ASSIGNMENTS OF ERROR NUMBERS 1, 2 and 3

I. The trial court erred in denying the defendant’s Motion for Continuance, which motion was based on the absence of a material witness.
II. The trial court erred in holding that evidence of an ongoing, extra-marital affair between the alleged victim and the defendant’s wife was irrelevant and/or immaterial.
III. The trial court erred in refusing to allow certain defense witnesses to testify over objections of relevancy and hearsay.

These assignments of error were combined for purpose of argument because they are interrelated. We also deem it expedient to discuss them jointly because our resolution thereof is dispositive of the case. The defense here is self-defense. Defendant’s theory is that Lair was the aggressor and shot defendant first. In advancing that theory, defendant testified that he found in his wife’s purse a receipt from the Holiday Inn on Siegen Lane, dated about a week before the shooting, which had Lair’s name on it.

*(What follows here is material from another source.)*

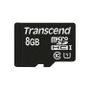 TRANSCEND SDHC Micro UHS-1 8GB Class 10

Defendant also testified that on July 8, the day before the shooting, he confronted- Lair with a gun about Lair’s involvement with his wife; that he forced Lair to take a ride with him while they discussed the matter; that Lair would not promise to leave his wife alone; that he went back to Lair’s place of employment the next day on his motorcycle; that he again had his gun with him; that he waited for Lair at the front door of Lair’s office; that Lair came out of the office after work and as they walked across the street to the parking lot Lair told him that what Lair said yesterday still went; that he pleaded with Lair to leave his wife alone because it was “just messing my homé up” and he wanted Lair to leave his wife alone; that Lair hung his head, looked back up and said, “Well, okay, I’ll do that;” that they were standing face to face and he saw Lair coming up with a gun; that he turned to run and took 3 or 4 steps when Lair shot him; that there was another shot and he turned around and shot back; and that he ran over to his motorcycle, started it and drove off.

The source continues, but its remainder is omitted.